Samir’s formal experience in a kitchen started as a junior sous chef at the Sheraton Hotel in Bombay. He came to the United States in 1989 to enroll at the Culinary Institute of America in New York. After graduating, he spent nine years in a variety of executive chef positions in kitchens in New York before heading to Dallas to help open Nick & Sam’s Steakhouse in 1999.
“I didn’t believe it at first,” he says, about the invitation to cook at the house. “It’s a prestigious thing for me. A lot of famous chefs have come through this kitchen.”
From the exterior, the townhouse seems almost nondescript sitting on a mostly quiet street in Greenwich Village. Only a plaque denotes what awaits diners inside the James Beard House at. (The New York Association of Cooking Teachers donated the plaque years ago.)
People visit New York and splurge on tickets to a Broadway show or a meal at a 4-or-5-star restaurants, but a unique, memorable experience awaits at a historic house that showcases some of American’s finest chefs. And not just the ones hungry for celebrity on cable television. No, chefs whose real heat comes from conducting in the kitchen and entertaining guests. Chefs travel from all over the world to take a temporary residence in the hallowed kitchen. In other words, the room is a magical stage that happens to serve as a fully-functional kitchen. (OK, mostly functional.)
For those unfamiliar with Beard, he was a chef, teacher, cookbook author, essayist, and restaurant consultant. The house’s interior is chock-a-block with books, photos and other memorabilia from Beard’s career. He lived on the first and second floor, and Nick Fox wrote in the New York Times in 2007 that “after he died in 1985, the foundation became a sort of Vatican of the American food world.” In death, as in life, Beard and his house remain the center of the American food-and-wine community. (It was my first time dining there, and I felt honored to be invited to document the experience.)

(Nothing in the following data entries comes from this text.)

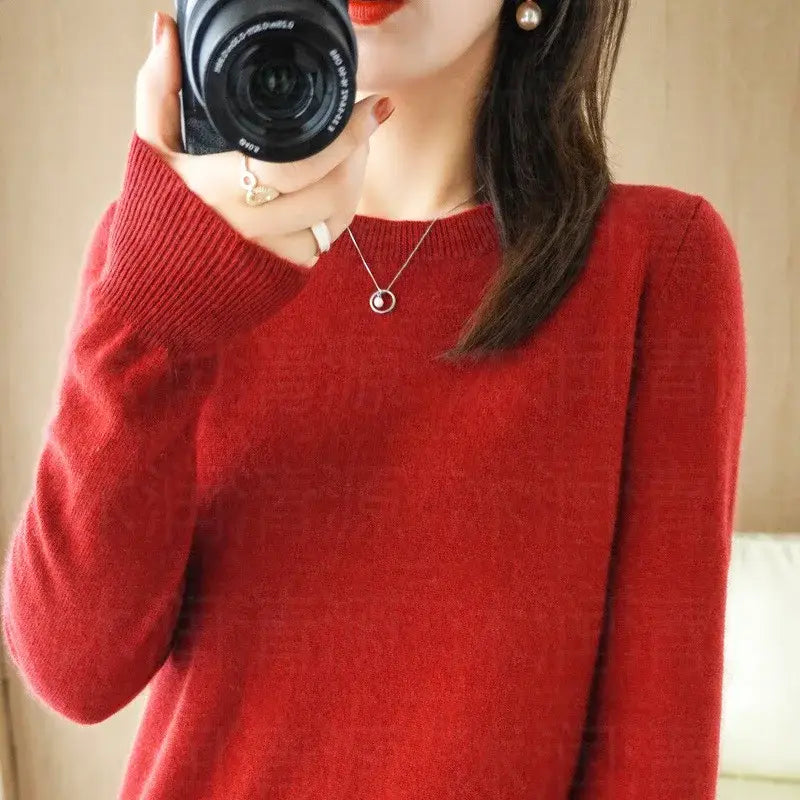Autumn And Winter Cashmere Sweater Women’s Crew Neck Pullover Casual Knitted Top Women’s Short Undercoat Fashion 18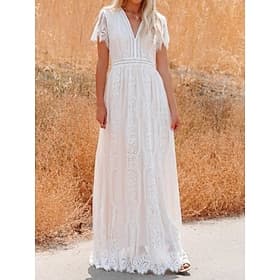 Femmes Robe maxi Robe en dentelle blanche Élégant Mode Moderne Extérieur Vacances Sortir Coupe régulière Uni Manche Courte Col en V Blanche Été Printemps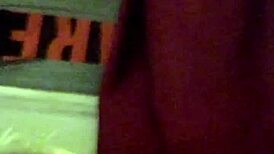 Blonde gringa milf flashes her big tits and panties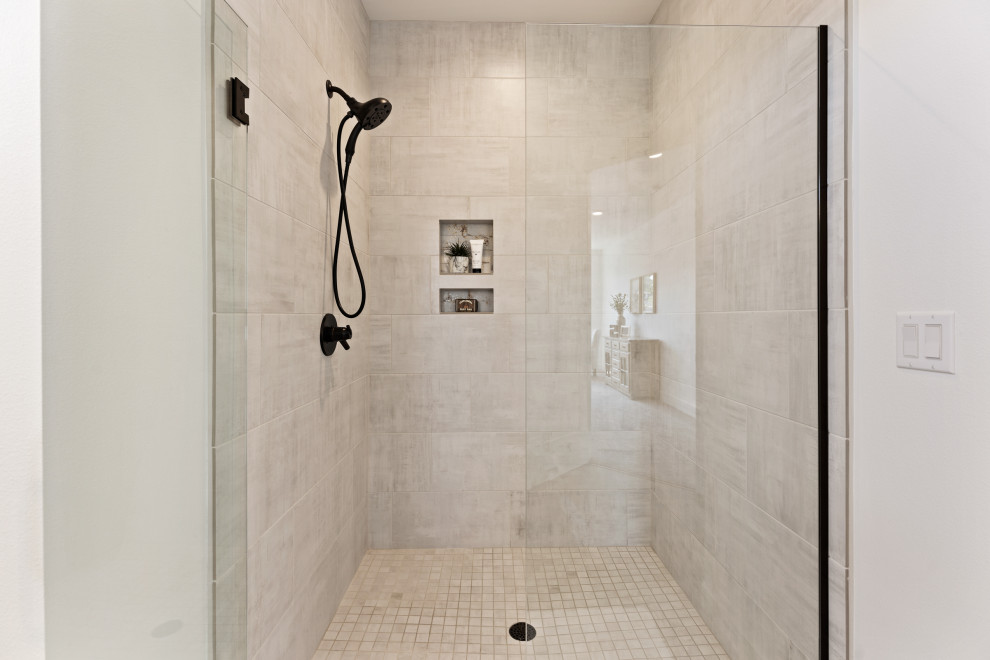 Photo of a mid-sized contemporary 3/4 bathroom in Portland with raised-panel cabinets, dark wood cabinets, a curbless shower, white tile, white walls, laminate floors, quartzite benchtops, white floor, a hinged shower door, white benchtops, a single vanity, a built-in vanity and brick walls.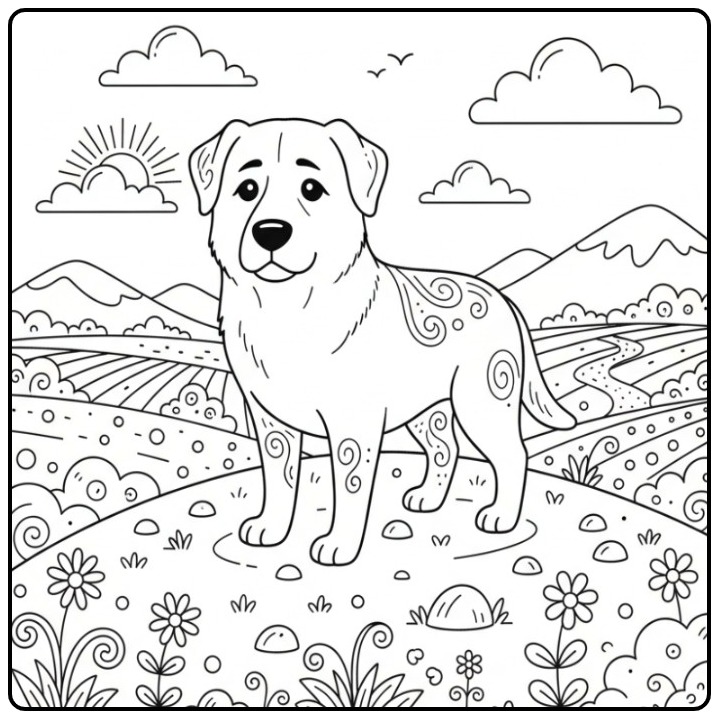 Anatolian Shepherd Watching Over the Fields coloring page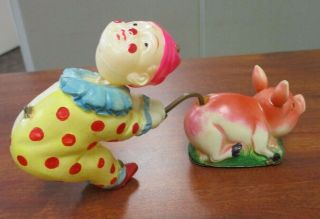 VINTAGE SHIMAZAKI MADE IN OCCUPIED JAPAN CELLULOID WIND UP JOLLY PIG & BOX 5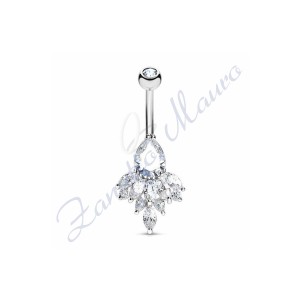 Piercing ombelico con cristalli 1.6/20/15 mm 10 in acciaio 316L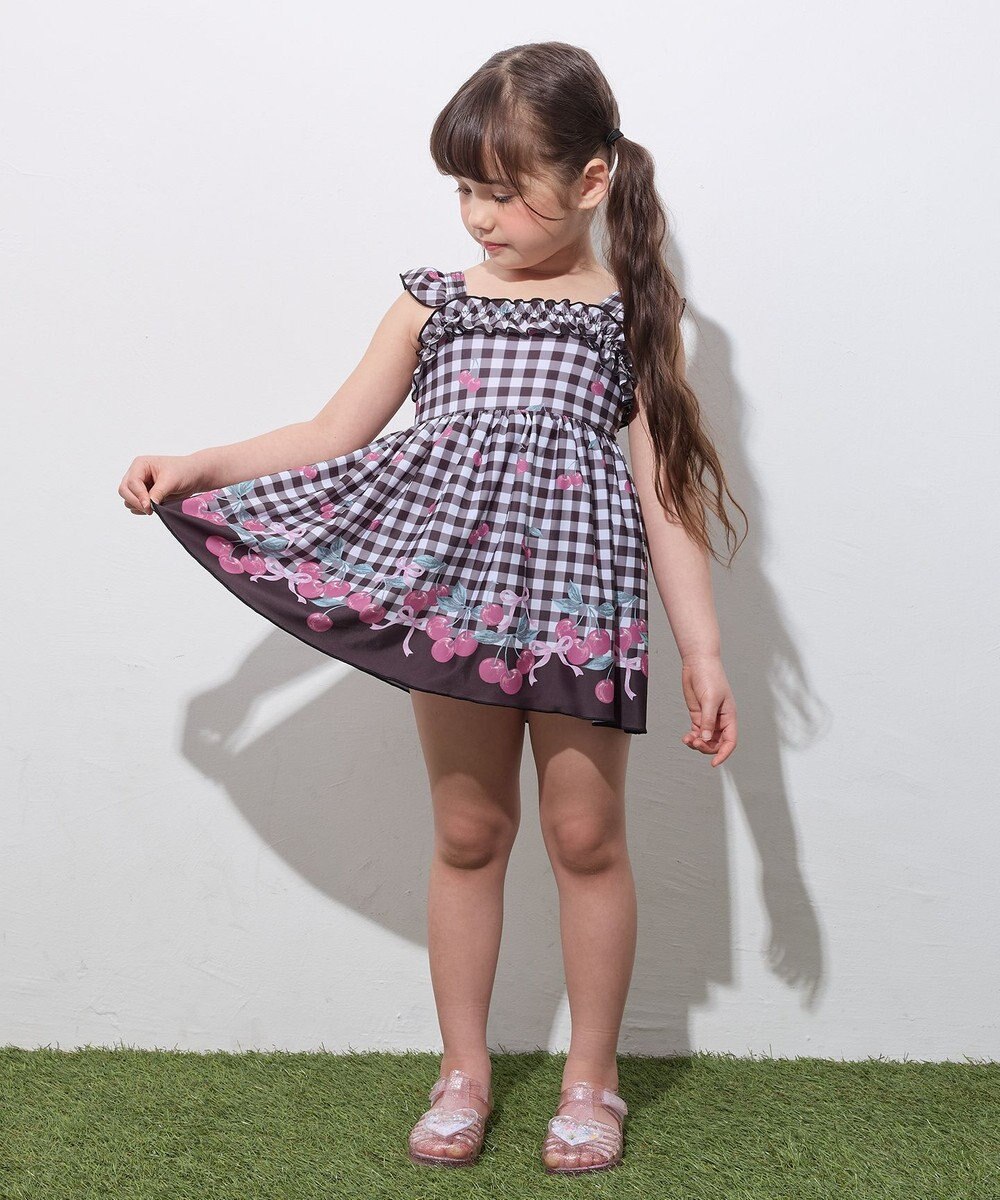 ANY KIDS ギンガム×フルーツ ワンピース水着 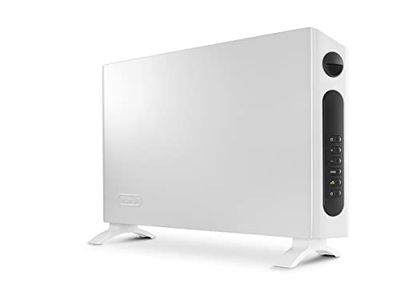 De'Longhi HSX Slim Style HSX4320E Radiateur soufflant, avec 3 niveaux de chauffage pour un chauffage rapide, thermostat numérique pour réglage de la température, minuterie 24 h, poignées de transport,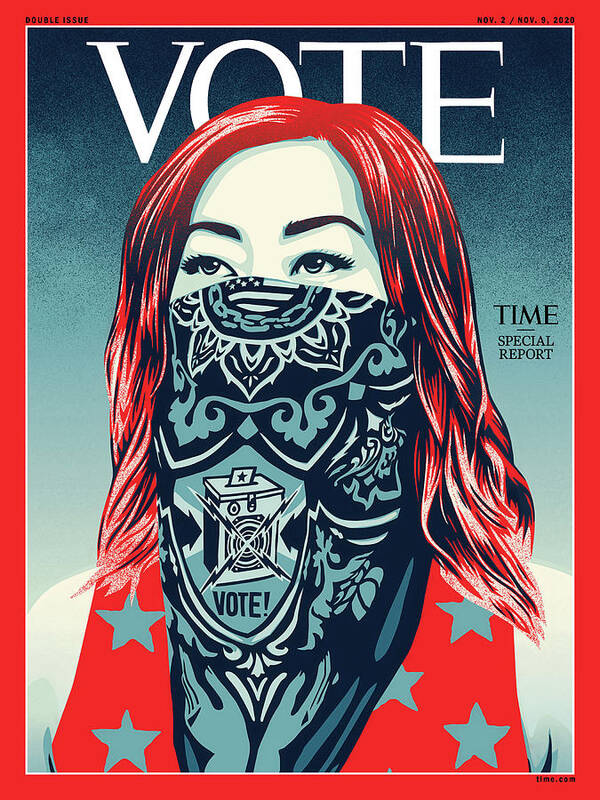 2020 Us Presidential Election Poster featuring the photograph Vote 2020 by Illustration by Shepard Fairey for TIME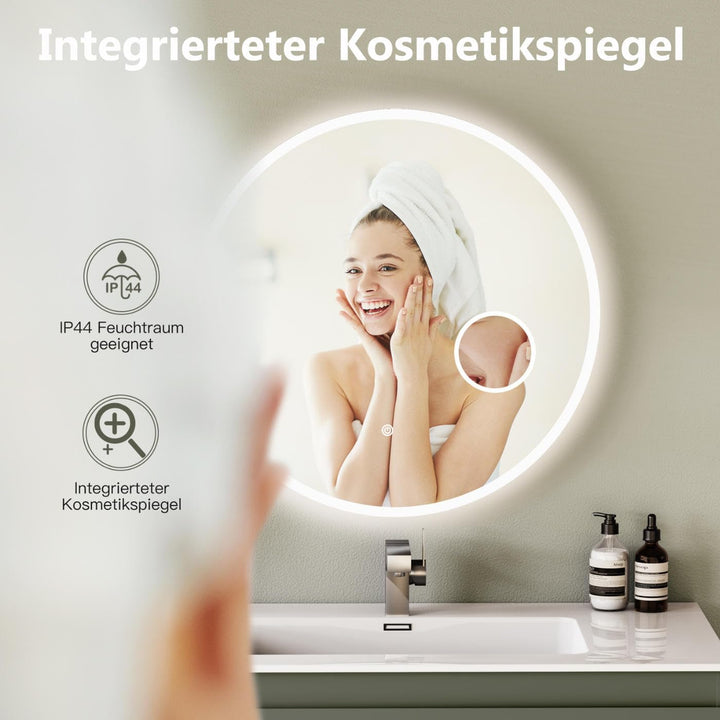 HOKO® Runder LED Badspiegel 80cm Hamburg. Designspiegel mit KOSMETIKSPIEGEL 3-Fach, Bad Spiegel LED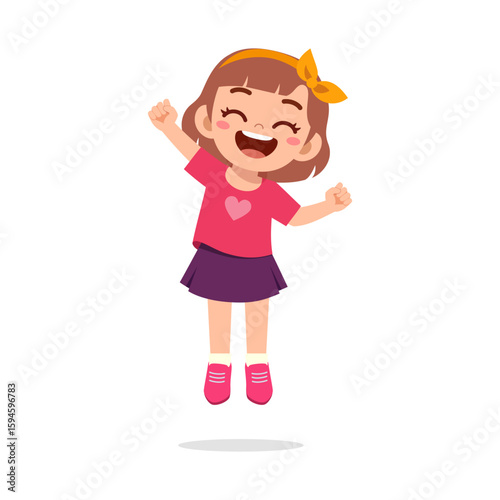 Happy Little Girl Jumping with Joy and Excitement Celebrating a Success or Achievement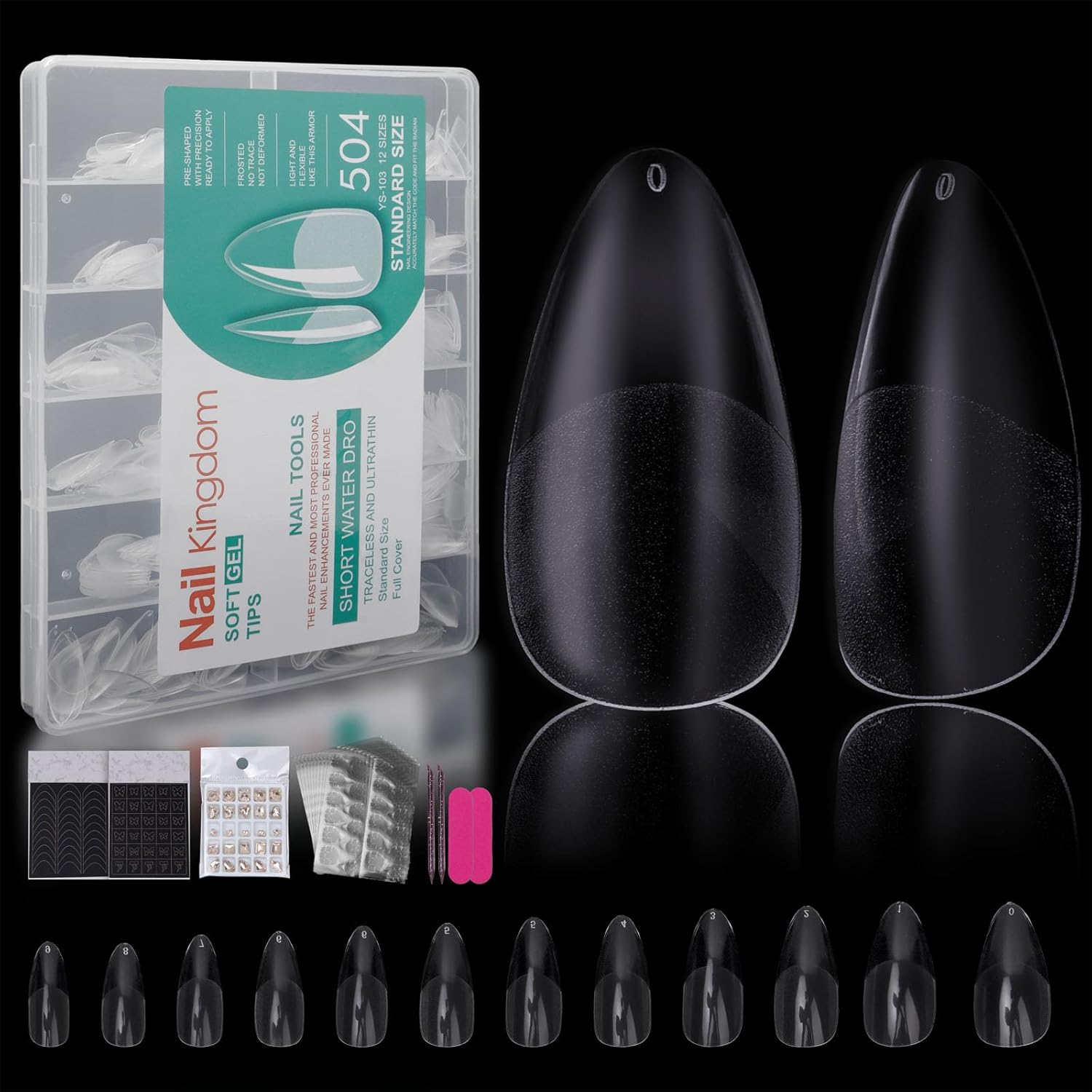 BREENHILL Full Cover False Nail Tips, Short Almond Gel Tips for Nail Extension, 12 Sizes, Nail Salon, 103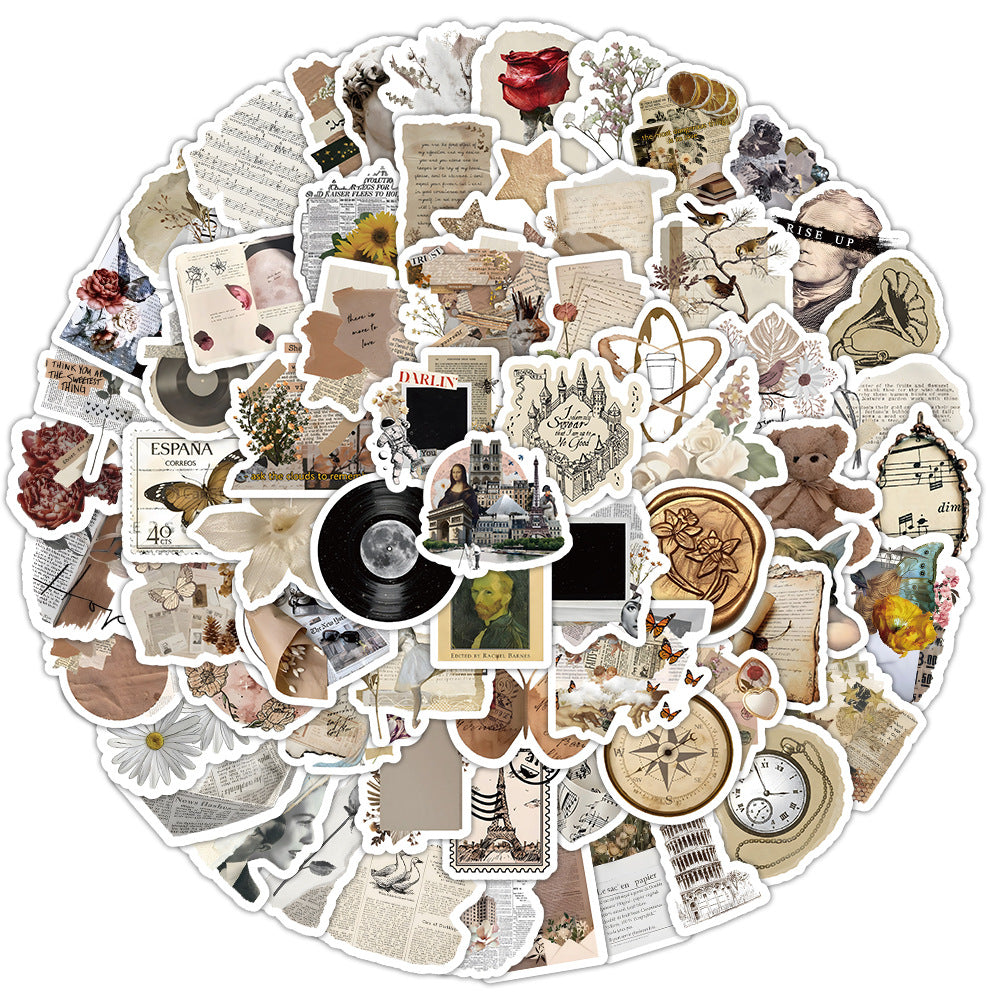 Wholesale 100 Pieces of Old Vintage Newspaper Waterproof Vinyl Stickers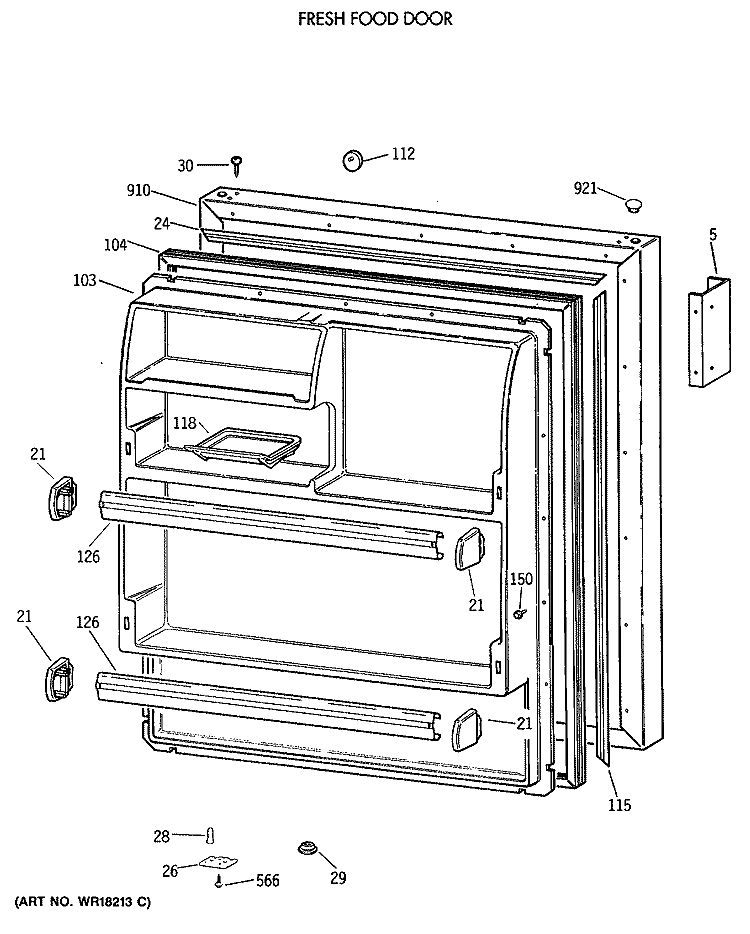 FRESH FOOD DOOR Diagram and Parts List for CTX18LATGRWH  Hotpoint Refrigerator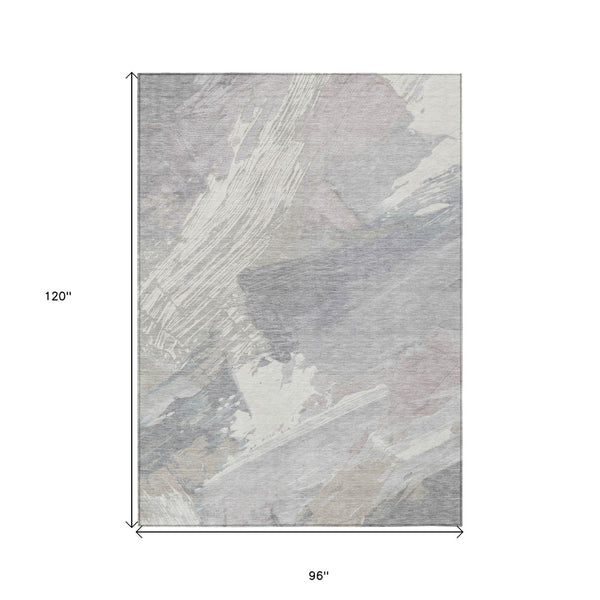 HomeRoots 5' Washable Ivory and Gray Abstract Area Rug - Stylish Indoor/Outdoor Solution for High Traffic Spaces 8' X 10' 611231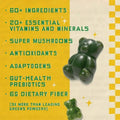 Grüns Superfood Greens Gummy Dietary Blend, 60+ Plant & Vitamin Ingredients, Vegan Gluten Free Third Party Tested - 2-pack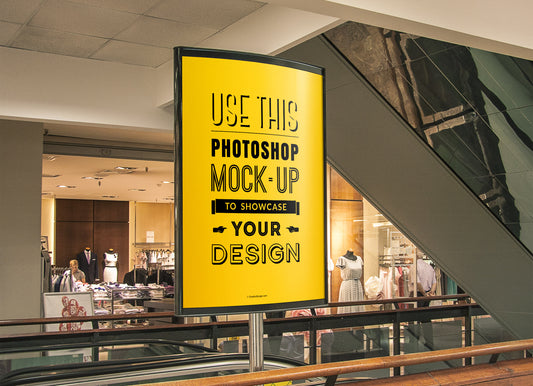 Free Mall Advertising Stand or Sign Poster MockUp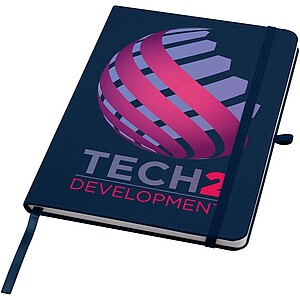 Recyklovaný zápisník A5 s pevnou obálkou a linkovanými stránkami, námořní modrá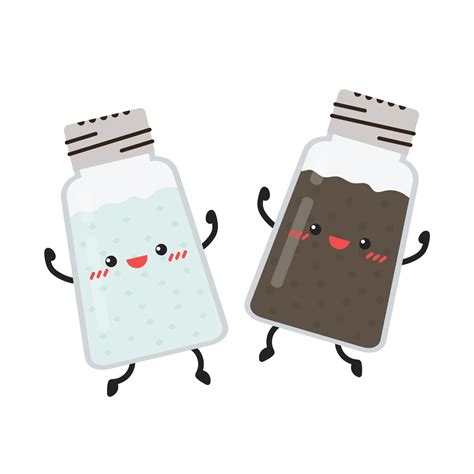 Salt and Pepper shaker vector. Cute cartoon salt and pepper shaker ...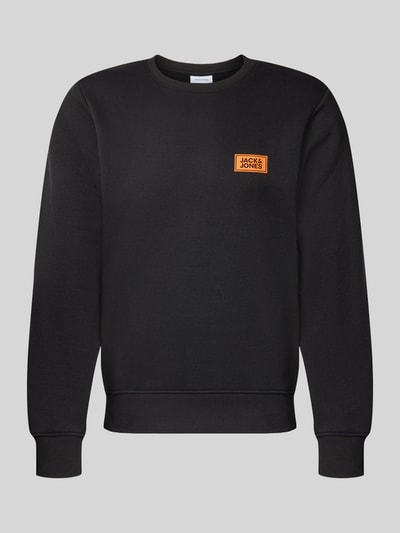 Produktfoto, Sweatshirt mit Label-Print Modell 'RUSH' von JACK & JONES in Schwarz, Baumwoll-Mix, Rundhalsausschnitt, lockerer Schnitt, gerippte Abschlüsse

After checking in, the hosts usher diners through the kitchen, giving guests their first peek at the featured chef and a hint at the food to come. Plates come to life with last-minute ornamental (and edible) touches. Beautiful, mouthwatering cuts of beef sizzle in a pan filling the room with savory smoke.
Guests gathered on a crowded garden patio and made conversation in the cool March evening air. Servers poured guests a glass of Armand de Brignac’s “Ace of Spades” brut while plates of hors d’oeuvres whizzed around the dimly-lit patio, the standout being the crispy oyster sliders with barbecued beef bacon and crisp apple. (Pictured above.)
Diners were then signaled to head upstairs to take their seat at communal tables in Beard’s bedroom. With the 74-guest maximum capacity it’s no surprise that tickets for Samir’s “Swanky Chophouse” sold out. Of the main courses, the Australian Wagyu short rib cannelloni with Parmigiano-Reggiano fonduta, San Marzano tomatoes, and bottarga seemed to be a favorite.
The star of the night: the Ohmi Wagyu tenderloin (from the Shiga Prefecture in Japan) with cipollini, oxtail croquettes, and king crab oscar. The coos of delight were audible in the room.
Samir’s sage advice for aspiring chefs who hope to one day “perform” at the Beard House: “You’ve got to start from the bottom. You have to put in the hard work, and then you’ll get here.”